Saved entries
--- START ---

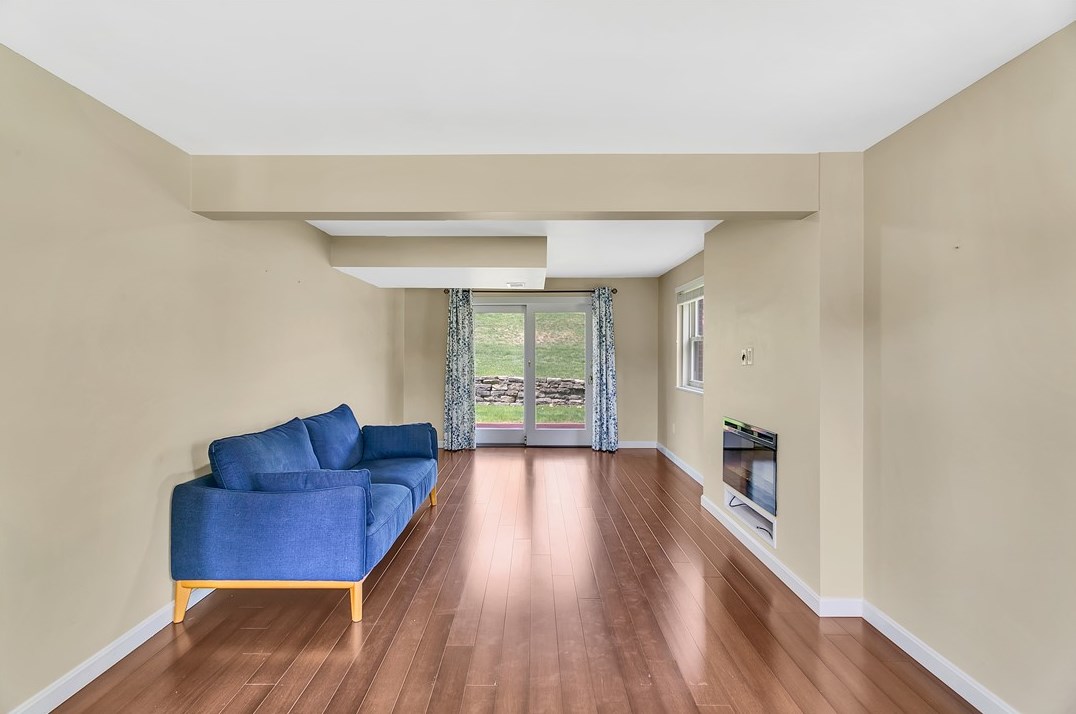 1300 Deerfield Dr, Monroeville PA  15146-4408 exterior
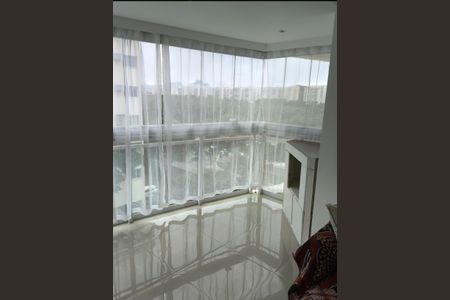 Apartamento para alugar com 80m², 2 quartos e 1 vaga Apartamento para alugar com 80m², 2 quartos e 1 vagaVaranda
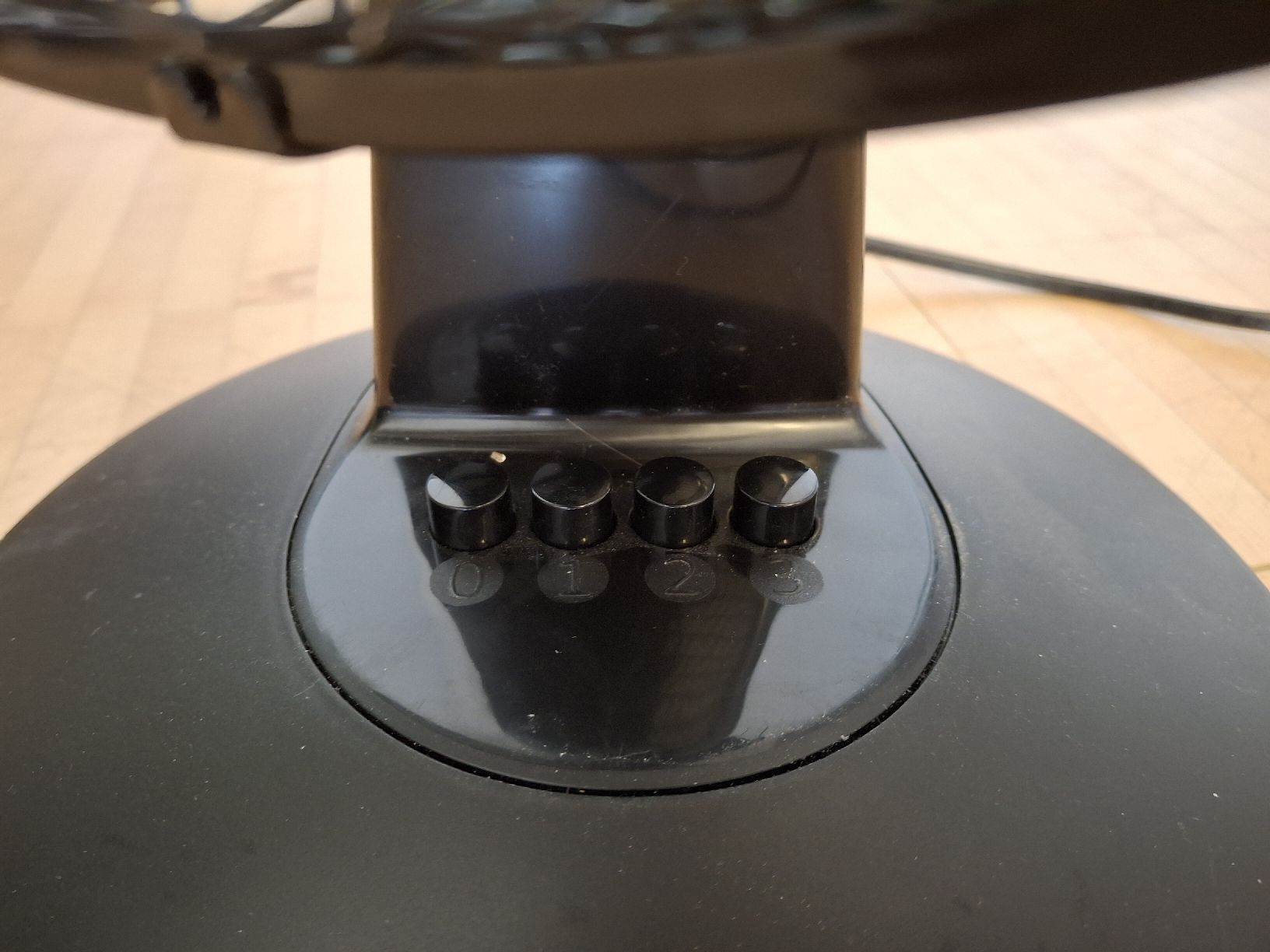 Ventilatoren: Ventilator Durabase schwarz 3 Geschwindigkeiten funktionsf. – Gebraucht aus Cham von Girasol3 2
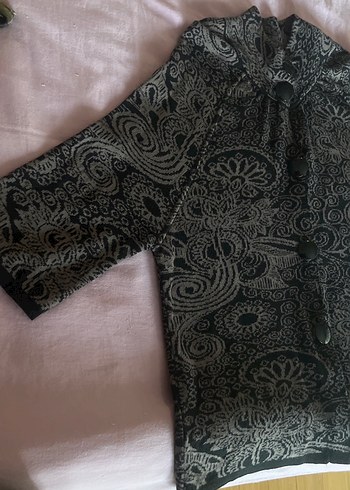 Desenli siyah ve Kahverengi Düğmeli büyük beden Hırka - Görsel 5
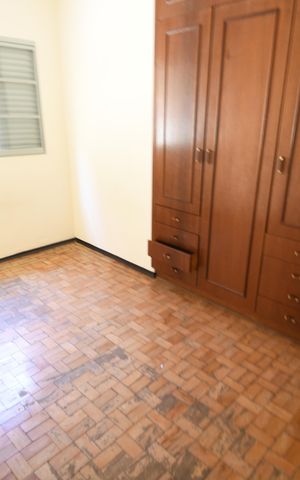 Casa à venda com 220m², 3 quartos e 4 vagasQuarto 2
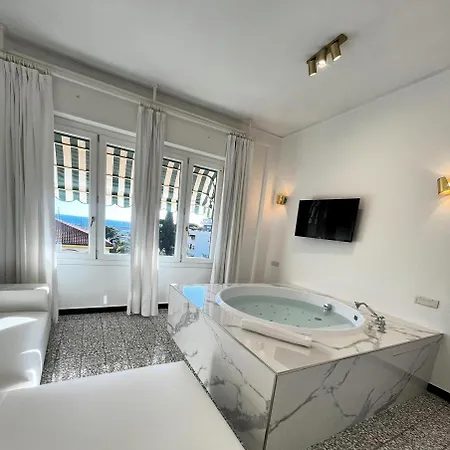 Eveline 2 - Piscina Privata O Jacuzzi Hotel San Remo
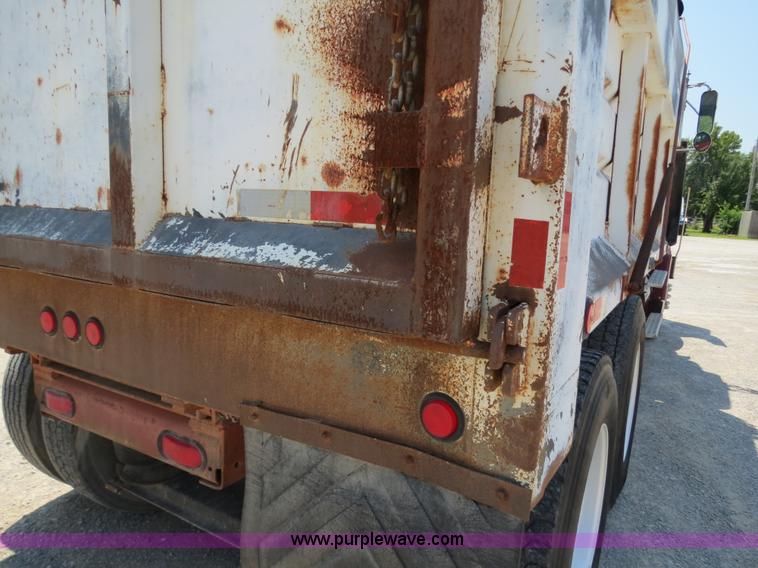 image for item B2443 1994 Volvo White GMC ACL dump truck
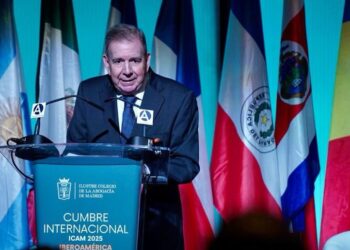 Edmundo González llama a «fortalecer la democracia iberoamericana» tras retroceso reciente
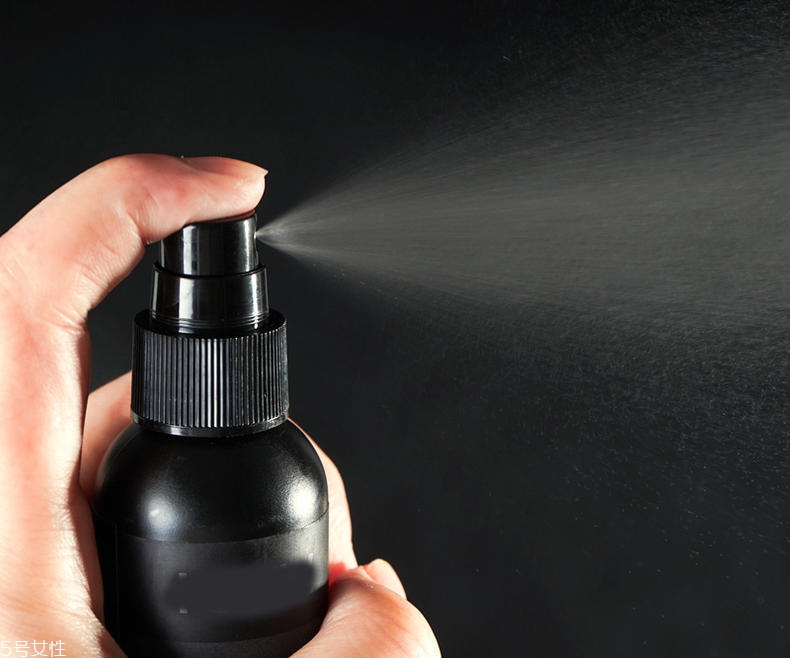 nyx定妝噴霧黑白區(qū)別 適合不同膚質(zhì) nyx定妝噴霧黑白區(qū)別 適合不同膚質(zhì)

--- END ---

— PROBLEM REQUIREMENTS —
The finished copy should match the data above word for word and contain no pictures.

— ANSWER TO THIS TASK —
 1300 Deerfield Dr, Monroeville PA  15146-4408 exterior
 Apartamento para alugar com 80m², 2 quartos e 1 vaga Apartamento para alugar com 80m², 2 quartos e 1 vagaVaranda
 Ventilatoren: Ventilator Durabase schwarz 3 Geschwindigkeiten funktionsf. – Gebraucht aus Cham von Girasol3 2
 Desenli siyah ve Kahverengi Düğmeli büyük beden Hırka - Görsel 5
 Casa à venda com 220m², 3 quartos e 4 vagasQuarto 2
 Eveline 2 - Piscina Privata O Jacuzzi Hotel San Remo
 image for item B2443 1994 Volvo White GMC ACL dump truck
 Edmundo González llama a «fortalecer la democracia iberoamericana» tras retroceso reciente
 nyx定妝噴霧黑白區(qū)別 適合不同膚質(zhì) nyx定妝噴霧黑白區(qū)別 適合不同膚質(zhì)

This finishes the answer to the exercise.